IPO Readiness — Is Your Company Ready to Go Public?

IPO readiness is not a single milestone — it's a comprehensive transformation across finance, operations, governance, legal, and technology. Most companies require 18–24 months of preparation before they are truly ready to file.

Last updated: June 2, 2025

Readiness at a Glance

60%
Typical Starting Point Most pre-IPO companies score 50–65% on initial readiness assessments
Financial Readiness High Priority
SOX / Internal Controls High Priority
Corporate Governance Medium Priority
ERP & Systems Medium Priority
Legal & Cap Table Review Needed
Investor Relations Early Stage OK

The decision to go public is one of the most consequential a company can make.
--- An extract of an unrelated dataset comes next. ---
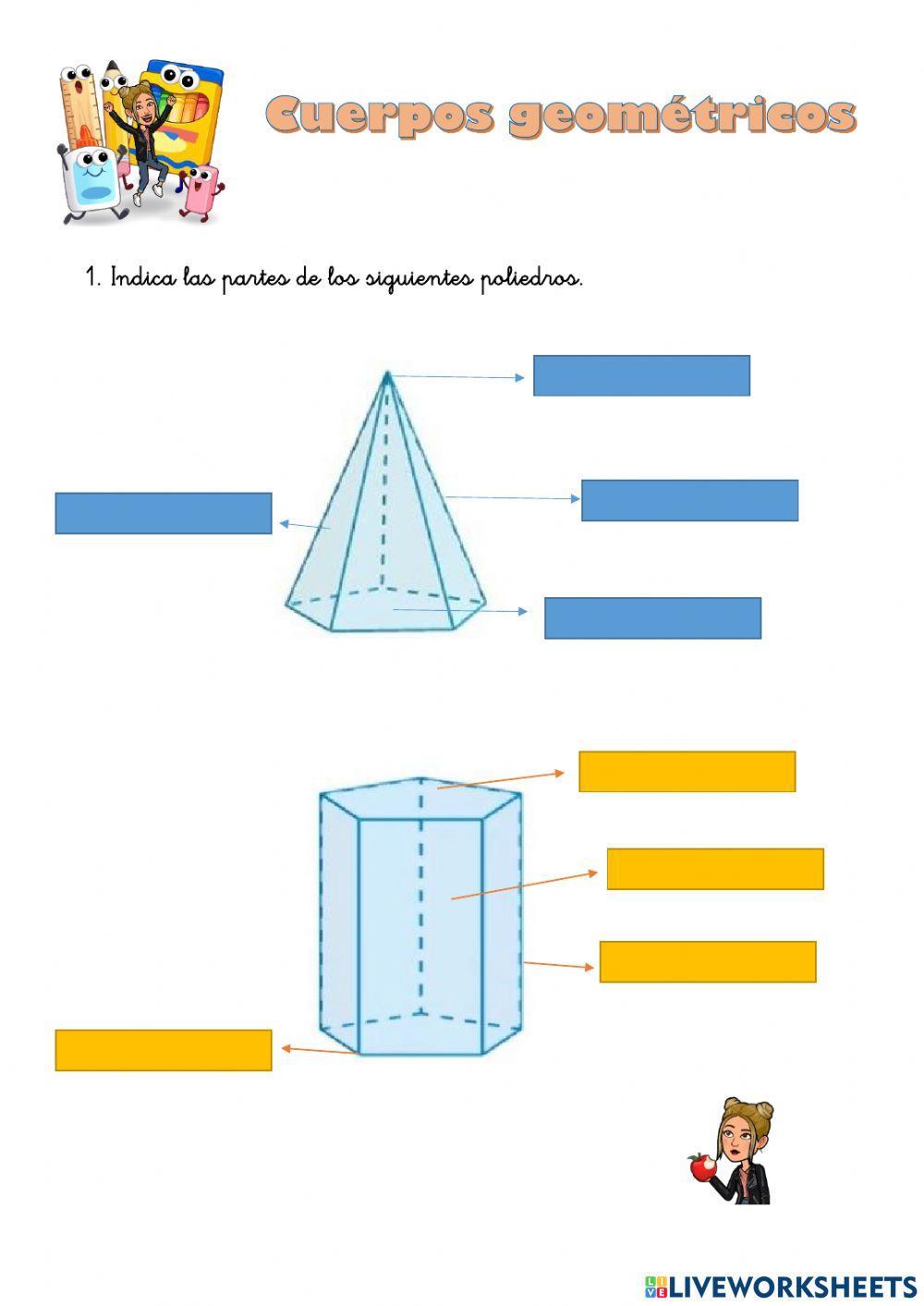 Poliedros y sus partes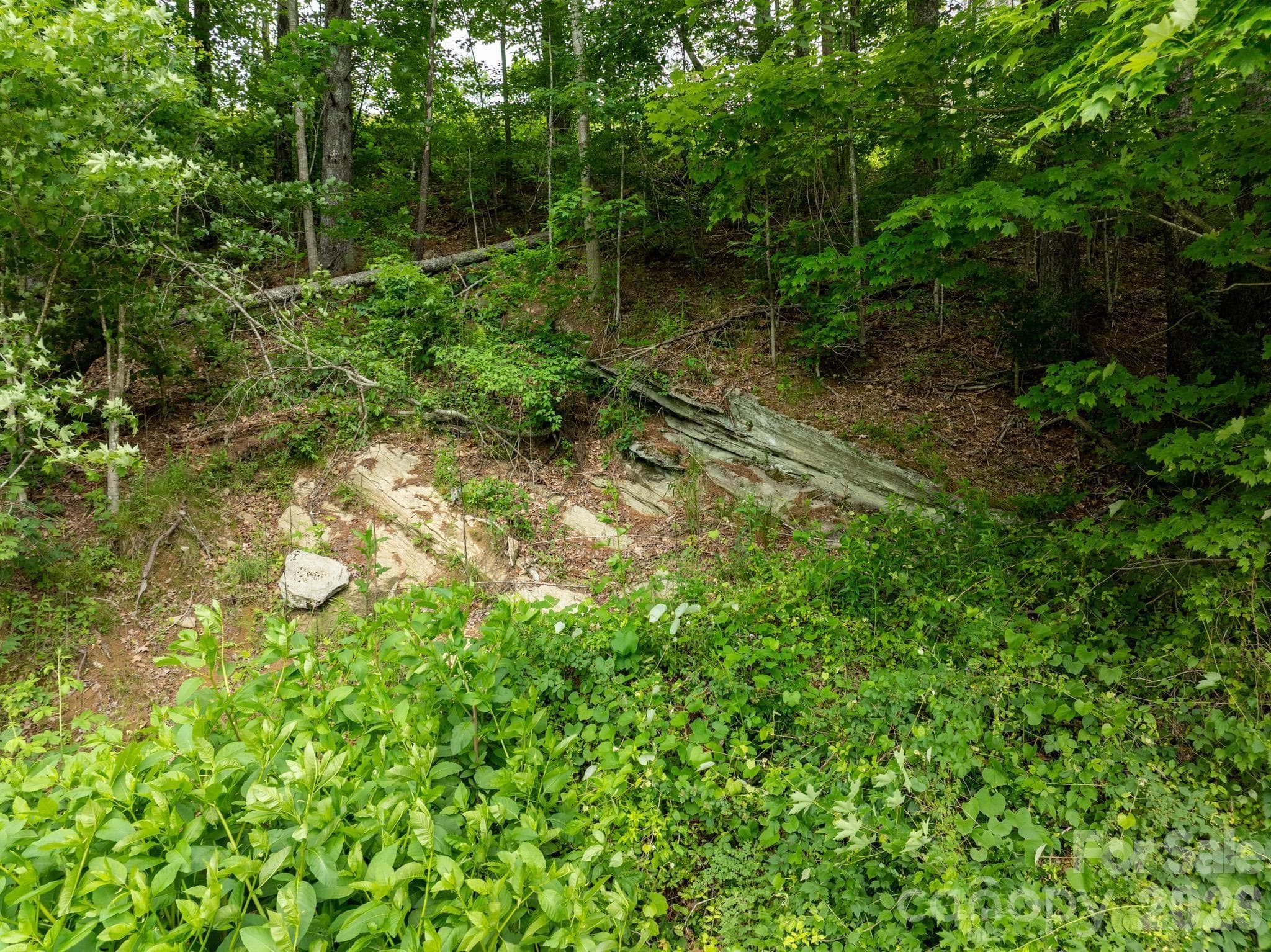 Lot at TBD Sycamore Road, Vilas, photo 36 of 38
Yet many finance leaders underestimate how much transformation is required before the SEC will accept an S-1 filing — and before investors will trust a newly listed company with their capital.

What Is IPO Readiness?

IPO readiness refers to a company's ability to meet the financial reporting, legal, governance, operational, and disclosure requirements of being a publicly traded company. It encompasses not just the ability to file an S-1 registration statement, but the organizational capacity to sustain public company obligations for years after listing.

The SEC, investors, and underwriters each apply their own lens. The SEC evaluates disclosure completeness and compliance with Regulation S-K and S-X. Institutional investors scrutinize the quality and consistency of financial reporting. Underwriters assess whether management can handle the scrutiny of quarterly earnings cycles and analyst coverage.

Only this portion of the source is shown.